24 de noviembre. El espectador

 

Después de leer y oír a David Rieff es inevitable quedar con el corazón y la conciencia en vilo. Historiador, pensador, cronista de guerra y testigo directo del devastador efecto de la violencia y los círculos concéntricos de las heridas y el rencor, Rieff se pregunta -nos pregunta- si realmente es ético seguir insistiendo en la necesidad de reconstruir una memoria colectiva o si, por el contrario, esa adicción al pasado nos impide cicatrizar y levar anclas rumbo a la paz.

Hemos dicho cien veces que no podemos olvidar; que olvidar a las víctimas sería como matarlas dos veces y que la sangre derramada tiene que seguir doliendo. Pero una cosa es el dolor, el reconocimiento, y otra persistir en un recuerdo colectivo desgarrador que, en vez de sanar, genere más ciclos de tragedia.

Rieff vivió en Irlanda y fue reportero de guerra en Bosnia. Ha visto a los niños rotos por los bombardeos. En medio del humo repasaba las palabras de Wislawa Szymborska, escritora polaca defensora del “imperativo moral del olvido”. Los recuerdos de la poeta sobreviviente a los nazis eran desoladores. Sin embargo, Szymborska escribió con un heterodoxo humanismo, que la vida tiene que seguir. Ella y Rieff sienten que “todo debe llegar a su fin, incluso las penas del duelo y, con ellas, la memoria de las heridas”.

Después de superado el conflicto, el rencor y la exigencia de justicia a ultranza impiden rescatarnos en clave de paz. Debemos preguntarnos qué tanto se parecen los recuerdos a la historia, y si las memorias inducidas por intereses tantas veces parcializados y perversos, no son parte del freno para reconstruirnos en el perdón, o al menos, en la convivencia.

Hoy, a cuatro años de la firma del Acuerdo del Teatro Colón, invito a leer “Elogio del olvido”, un libro polémico, desafiante y rompedor de paradigmas, magistralmente escrito por David Rieff con su alma en la mano, como solo pueden hacerlo quienes han vivido tan de cerca la oscuridad de la muerte.

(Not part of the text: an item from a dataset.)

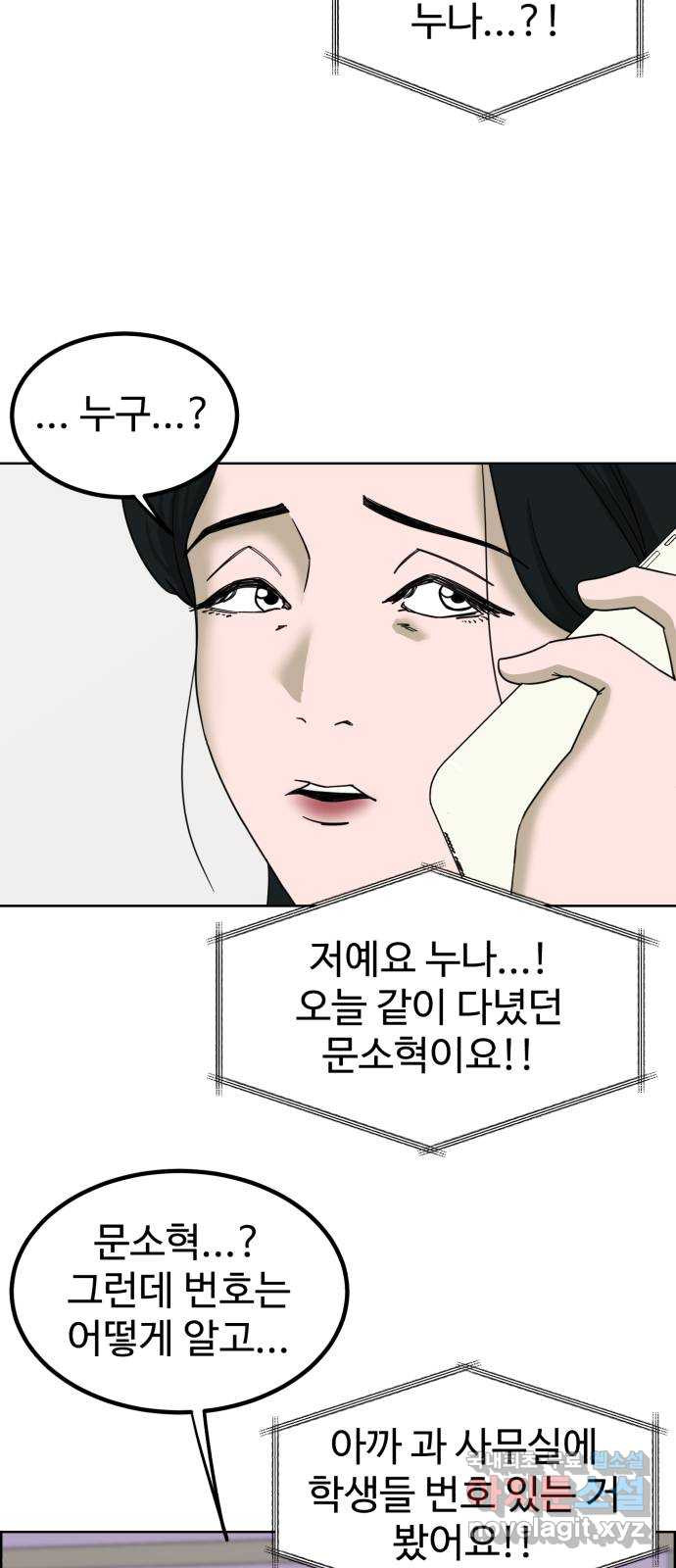 불쌍해야 하는 남자 11화 - 웹툰 이미지 27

Página 113: “Para muchos de nosotros (…) testigos presenciales del horror de las guerras de los Balcanes, casi cualquier paz, no importa lo injusta que fuera, era infinitamente preferible a lo que parecía el incesante castigo de la muerte, el sufrimiento y la humillación”. Hace unas semanas Rieff dijo en un panel que si fuera preciso escoger entre la justicia y la paz, eligiría la paz, porque no quiere ver morir más niños en la guerra.

Hace 4 años, cuando Colombia firmaba el Acuerdo, una cadena de televisión atiborraba sus noticieros con videos de actos atroces cometidos por las FARC durante sus años armados. Los detractores del Acuerdo creían que si reteñían la pesadilla, no humanizaríamos a los exguerrilleros. Humanizarlos era el primer paso a la empatía, y con ella, a la reconciliación. Y la reconciliación asusta a los caudillos de la violencia, tan aferrados a la ley del Talión, es decir, a la consagración de la ignorancia.

Hace cuatro años cambiamos el “Se busca” por “Nos encontramos”, y nada nos hará perder ese triunfo de la esperanza.

Hoy, con 242 firmantes de paz asesinados, la JEP en alerta roja y el Acuerdo sometido a incumplimientos y portazos, reafirmamos que no vamos a descansar hasta alcanzar la paz. Si no somos capaces de lograr un mañana mejor que el ayer, habremos vivido en vano.

Punto aparte. Felicito de corazón a Jorge Cardona por su premio Simón Bolívar a la Vida y Obra. El profe y El Espectador han consolidado la más noble simbiosis, en el ejercicio del periodismo íntegro y valiente.